Berarti pula kematian itu tiga jam setelah Prof Khaw meninggalkan rumah. Agak aneh kalau penyebabnya gas yang bisa cepat menguap itu.

Prof Khaw berkilah dengan ilmiah: apakah gas masih efektif membunuh orang setelah lebih dua jam?

Pembantu rumah tangga bersaksi bahwa benar pukul 11 hari itu Prof Khaw meninggalkan rumah. Tidak ada yang mencurigakan.

“Hanya tidak biasanya lewat pintu itu,” ujarnya.

Tapi si pembantu juga bersaksi: tidak melihat sang istri membawa dan memasukkan bola yoga ke mobil. Saat berangkat tadi. Tidak juga si anak gadisnya.

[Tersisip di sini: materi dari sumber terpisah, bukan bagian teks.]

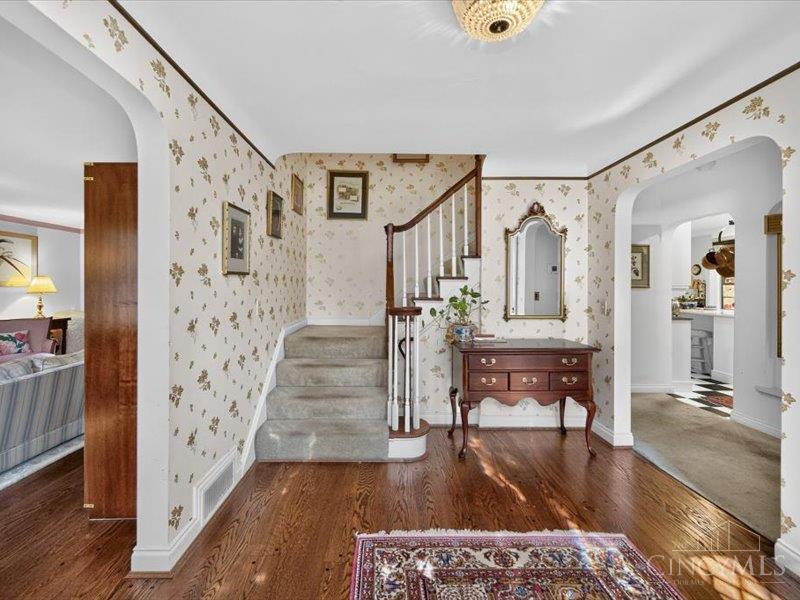 7225 Meadowbrook Drive, Amberley, OH, 45237 — photo 6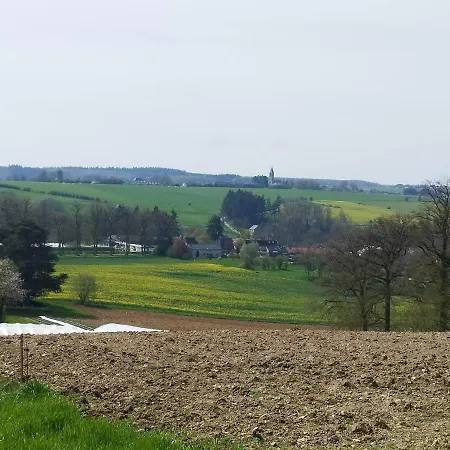 A L Ombre Des Tilleuls *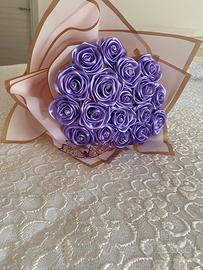 Bouquet con rose fatto a mano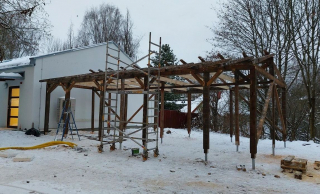 Projekti toel valmiv pooleliolev rattamaja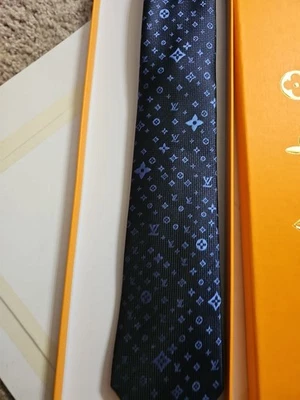 Louis Vuitton男式领带 — 第 1/4 张图片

Kalau toh ada kecurigaan juga tidak terkait langsung dengan kematian. Kamera di rumah itu mati pada jam-jam itu. Tentu bisa saja kamera mati kapan saja.

Ada juga benda kecil di kamar Prof Khaw. Kemungkinan tutup bola yoga. Tapi juga tidak terkait langsung dengan peristiwa.

Kamar tidur Prof Khaw memang terpisah dengan kamar istrinya. Sudah beberapa tahun. Hubungan suami istri ini sudah dingin. Sudah seperti hubungan sesama karyawan di satu perusahaan.

Bertegur bila perlu saja. Tidak bermusuhan. Tapi juga tidak mesra.

Si pembantu bersaksi sejak dia bekerja di situ sudah begitu. Kamar tidur terpisah. Sang istri memasak sendiri dan untuk anak-anaknya. Sang suami masak sendiri untuk dirinya.

Bahkan mereka pernah membicarakan kemungkinan cerai. Sang suami yang ingin cerai. Tapi pilihannya begitu saja: Cerai kamar.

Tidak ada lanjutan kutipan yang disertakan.